- Data segment:
—————

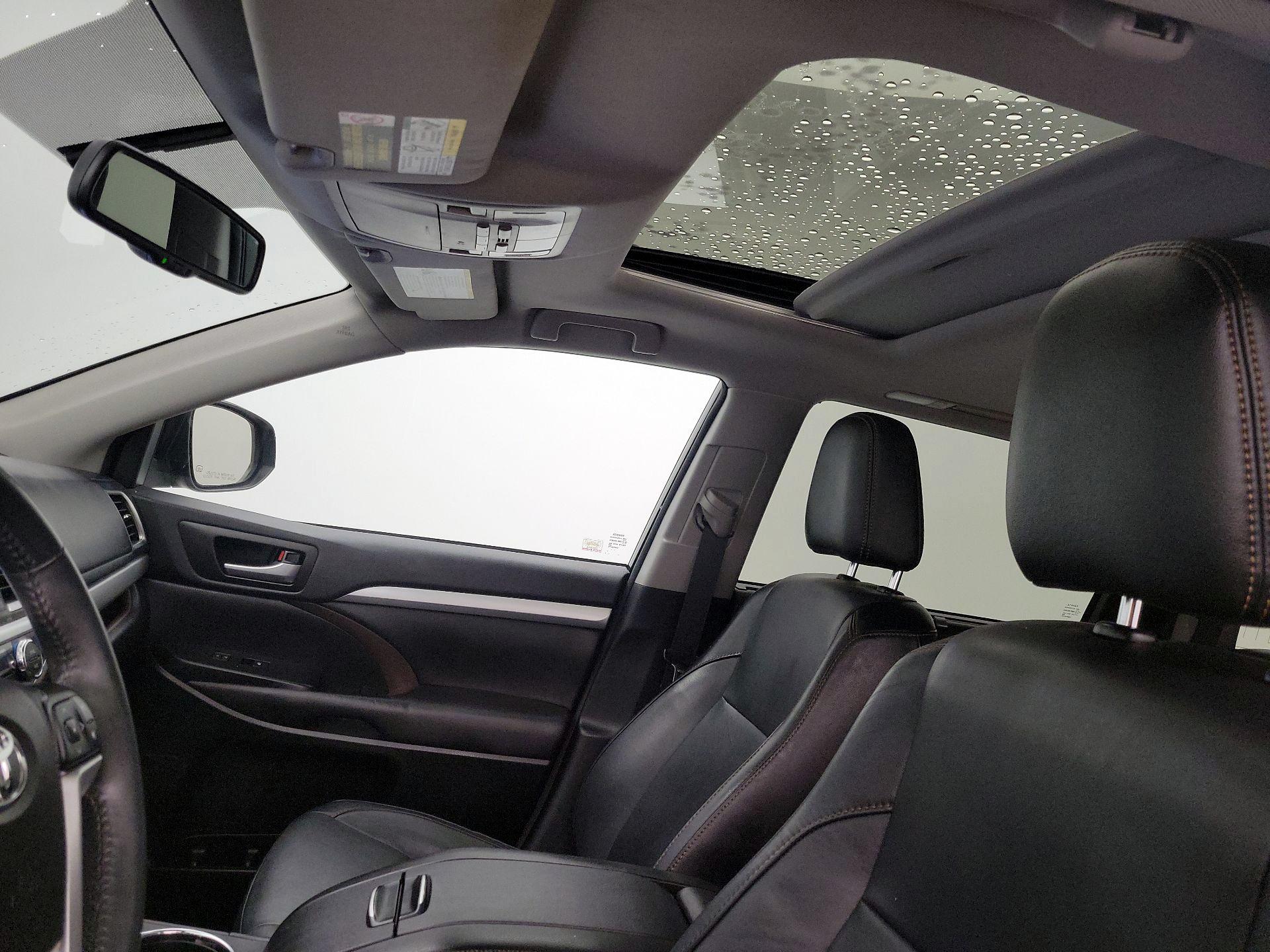 Thumbnail: 2016 Toyota Highlander - 20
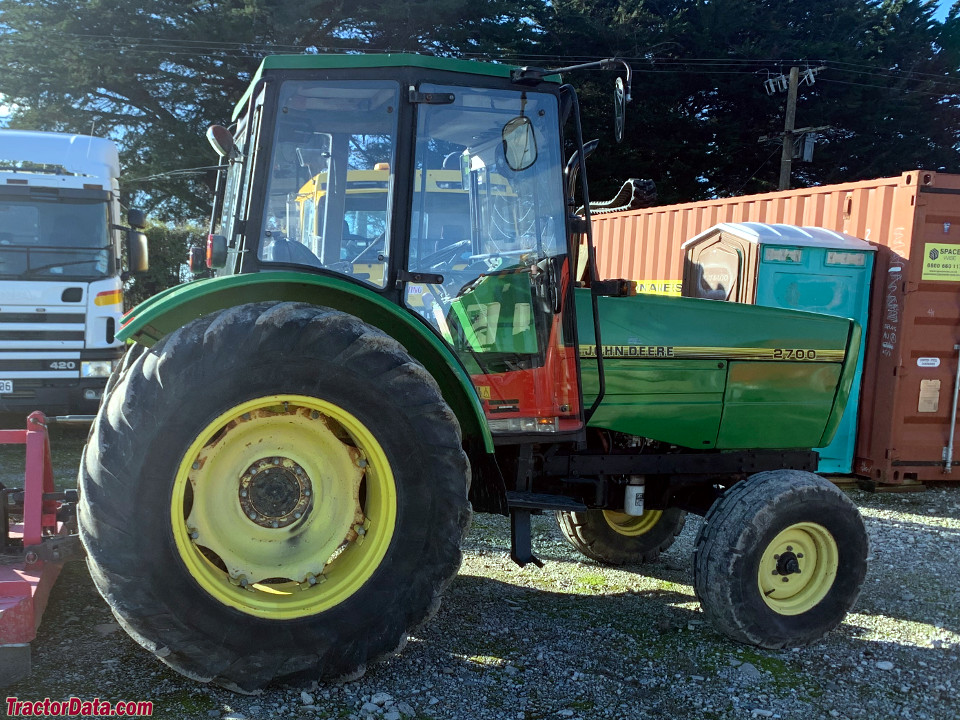 John Deere 2700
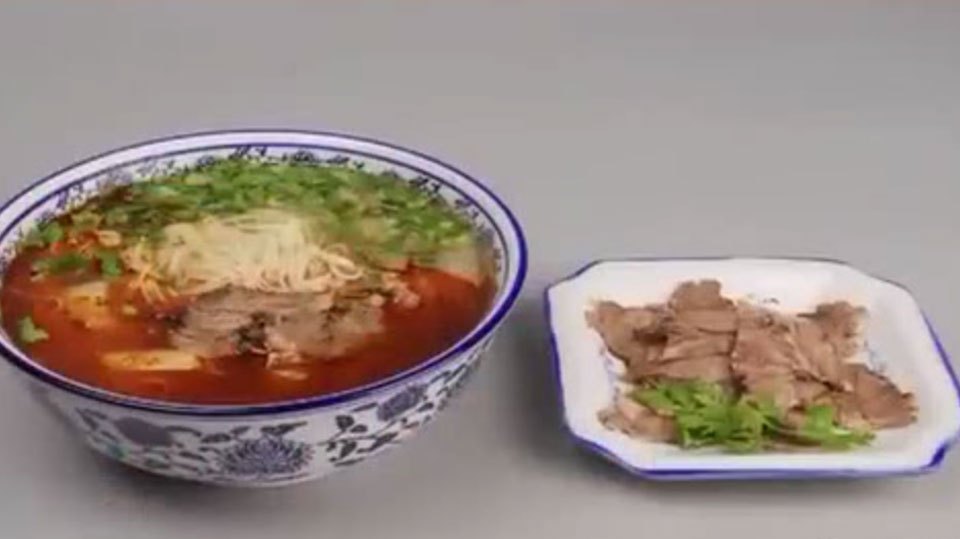 金镶玉月芽白碎金饭,这好几种炒饭出了扬州,才统称为扬州炒饭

—————

- Task description: Quote each line of the listing exactly, but leave the pictures out.

- Your solution:
 Thumbnail: 2016 Toyota Highlander - 20
 John Deere 2700
 金镶玉月芽白碎金饭,这好几种炒饭出了扬州,才统称为扬州炒饭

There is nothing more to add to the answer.